» **SOURCE DATA**:
* * * * *

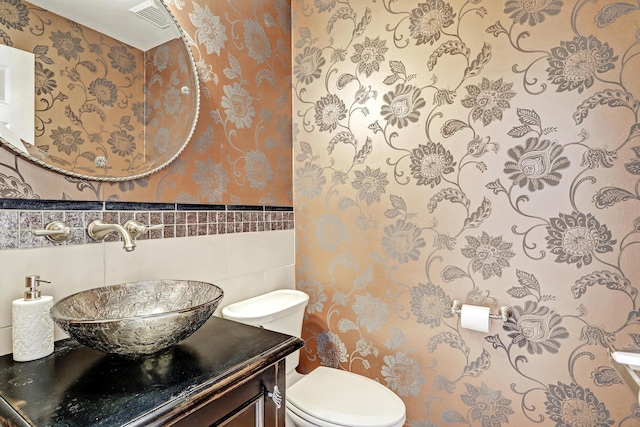 bathroom featuring vanity, tile walls, and toilet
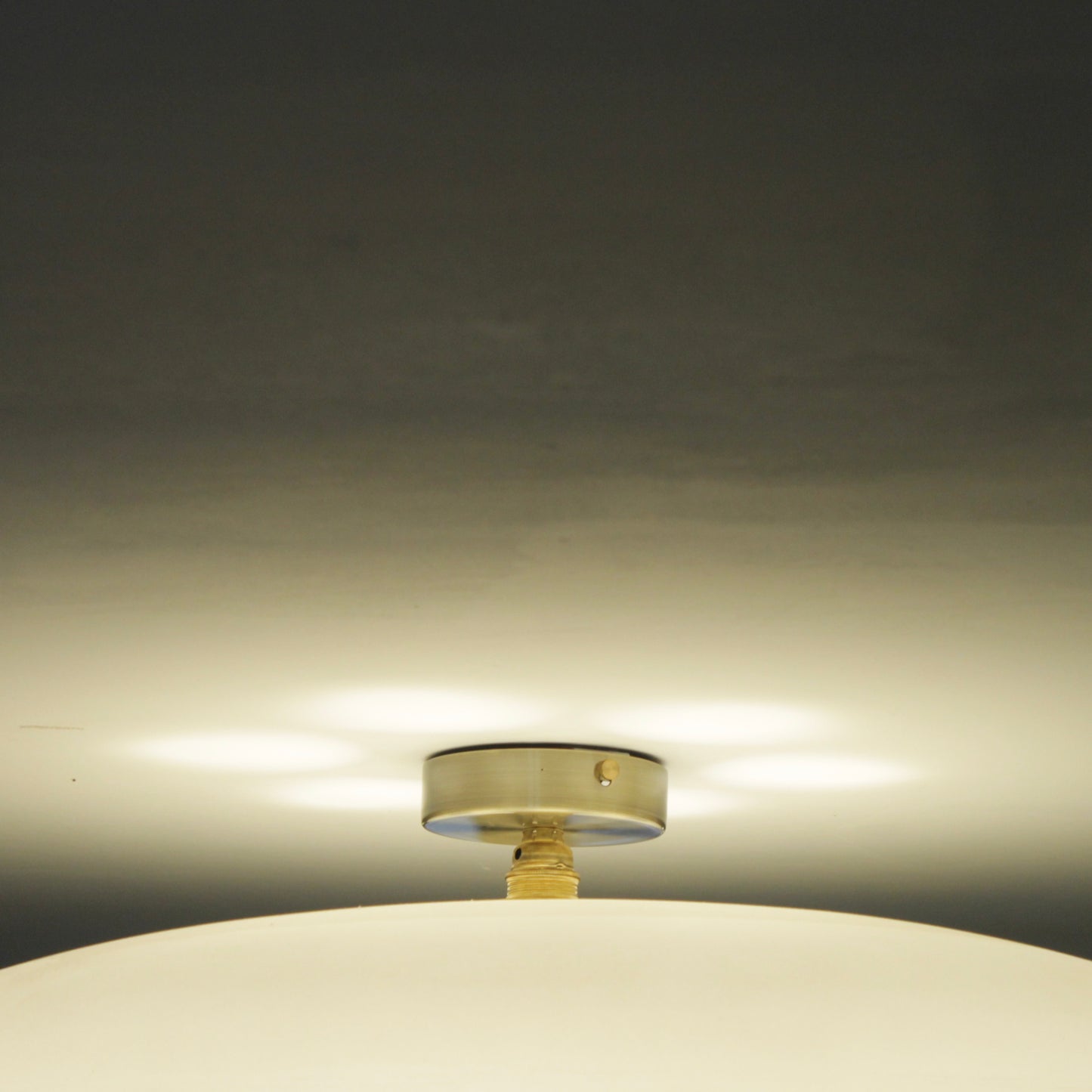 Flush ceiling light fitting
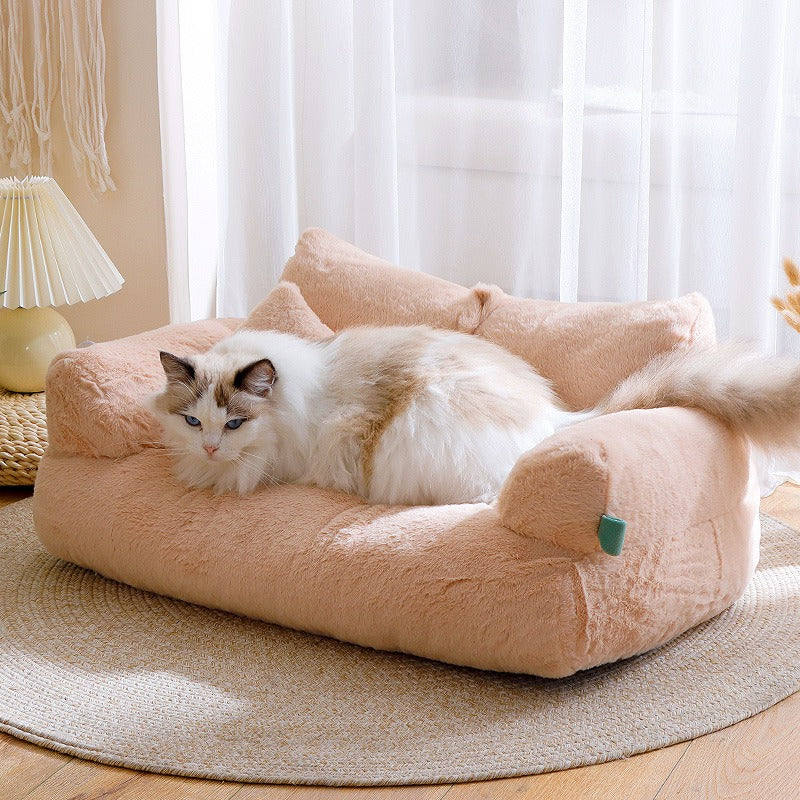 White and tan cat resting comfortably on a soft beige Orthopedic Calming Pet Sofa - Luxury Plush Dog & Cat Bed Couch with Bolster Support placed on a round woven rug in a cozy room.
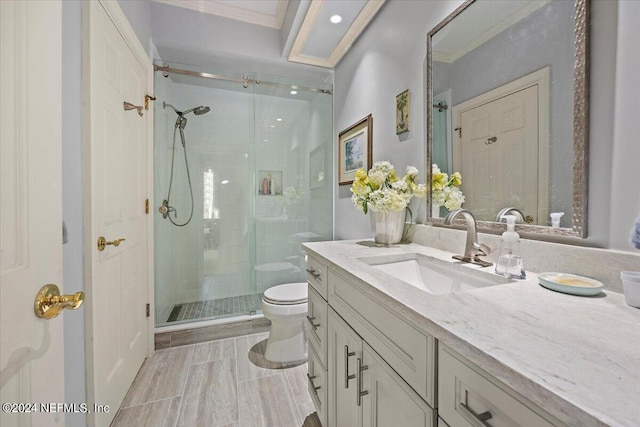 bathroom with vanity, crown molding, a shower with shower door, and toilet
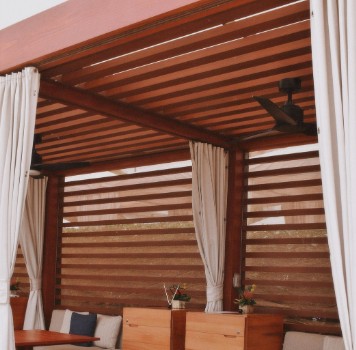 Pérgola de lamas con cortinas para terraza Pérgola de lamas de madera con cortinas laterales y ventilador en un porche
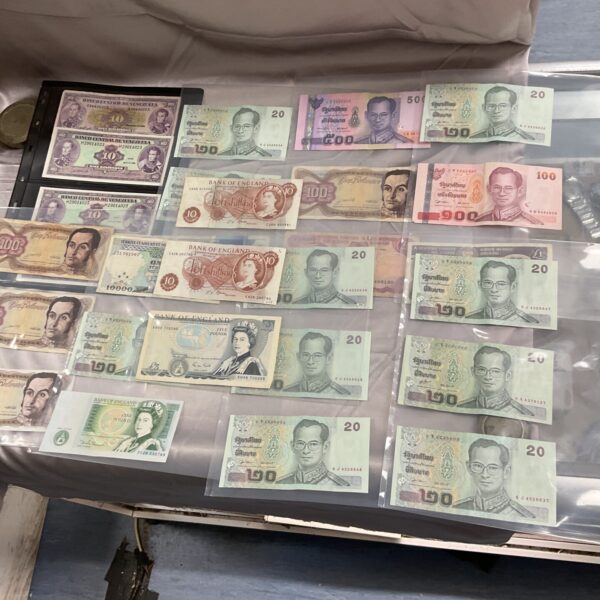 Assorted banknote collection featuring various world currencies.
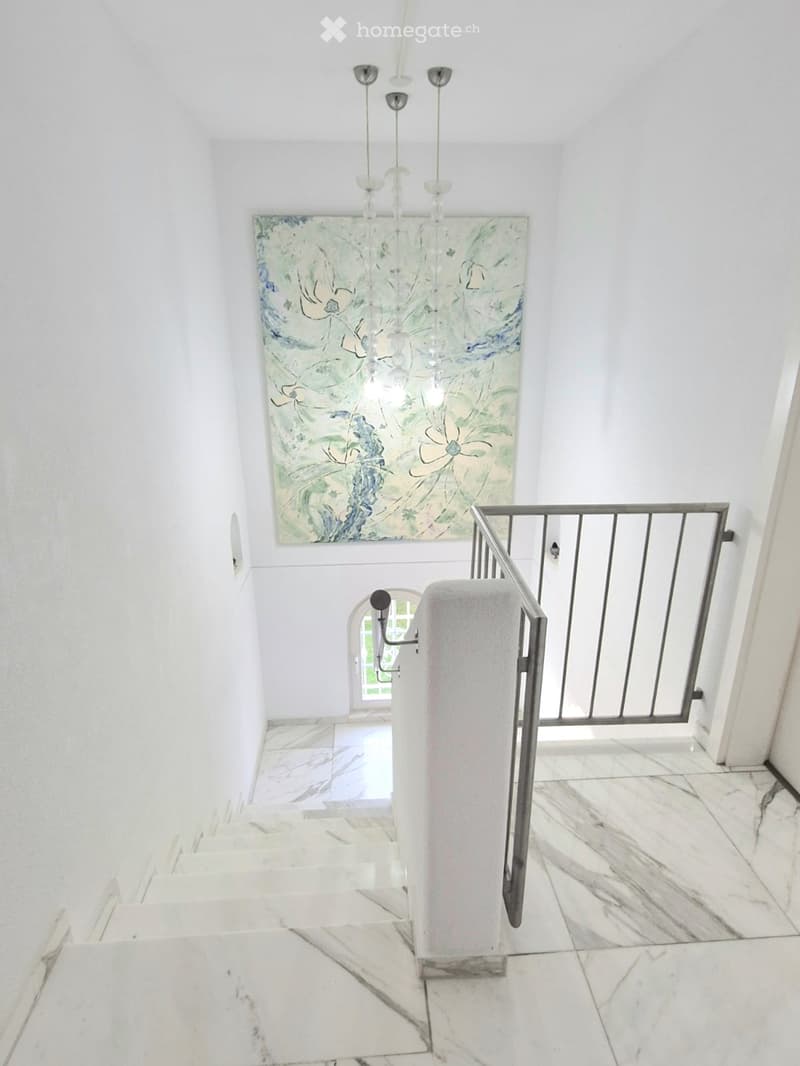 Staircase with white marble steps, modern metal railing, and a large abstract painting on the wall above. The hallway has white walls and a chandelier hanging from the ceiling.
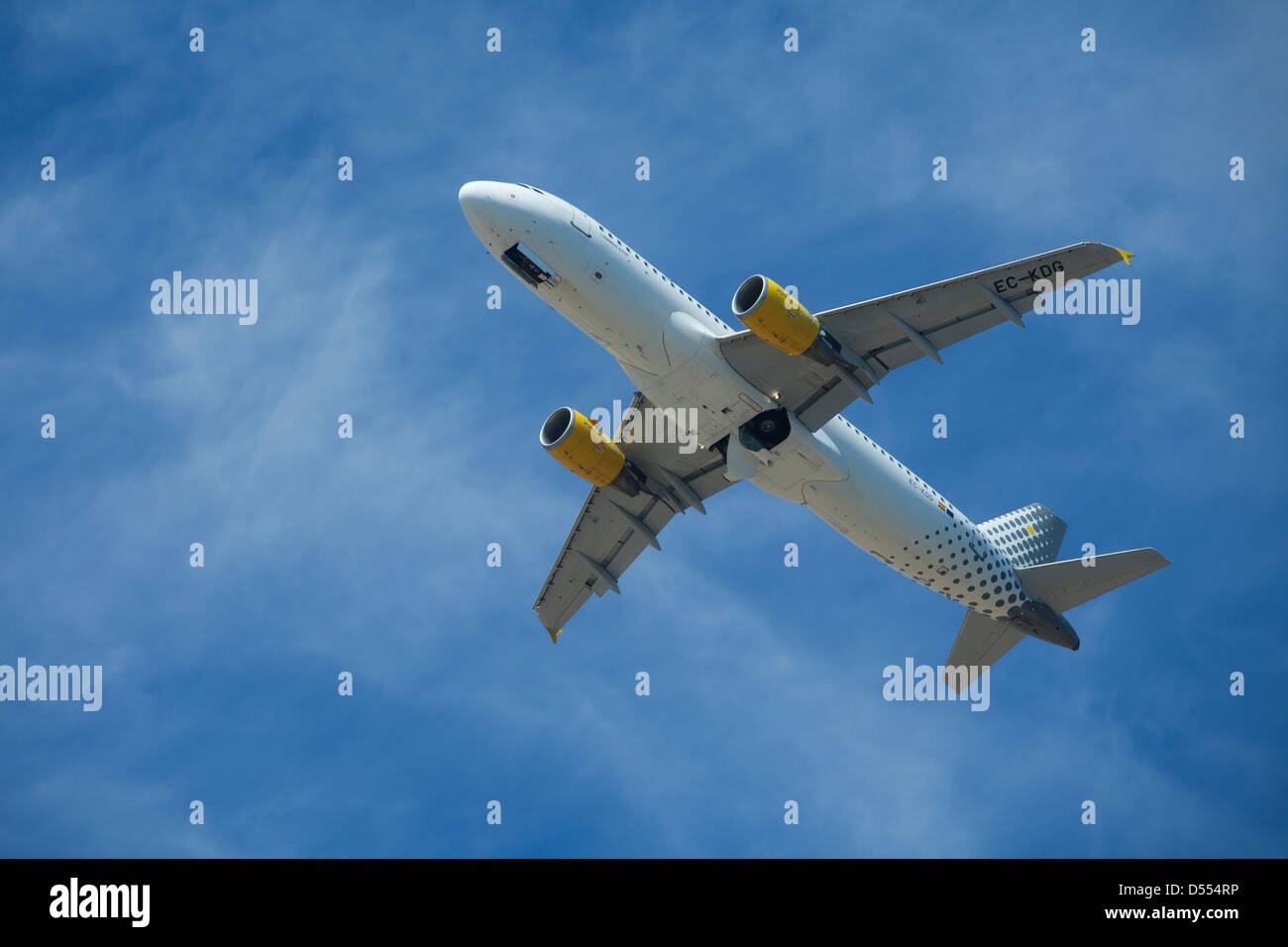 Airplane taking off in a blue sky Stock Photo - Alamy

* * * * *

Because the pictures are not wanted, retype only the text of every record, exactly as given.

» **REPLY TO THE TASK**:
 bathroom featuring vanity, tile walls, and toilet
 Flush ceiling light fitting
 White and tan cat resting comfortably on a soft beige Orthopedic Calming Pet Sofa - Luxury Plush Dog & Cat Bed Couch with Bolster Support placed on a round woven rug in a cozy room.
 bathroom with vanity, crown molding, a shower with shower door, and toilet
 Pérgola de lamas con cortinas para terraza Pérgola de lamas de madera con cortinas laterales y ventilador en un porche
 Assorted banknote collection featuring various world currencies.
 Staircase with white marble steps, modern metal railing, and a large abstract painting on the wall above. The hallway has white walls and a chandelier hanging from the ceiling.
 Airplane taking off in a blue sky Stock Photo - Alamy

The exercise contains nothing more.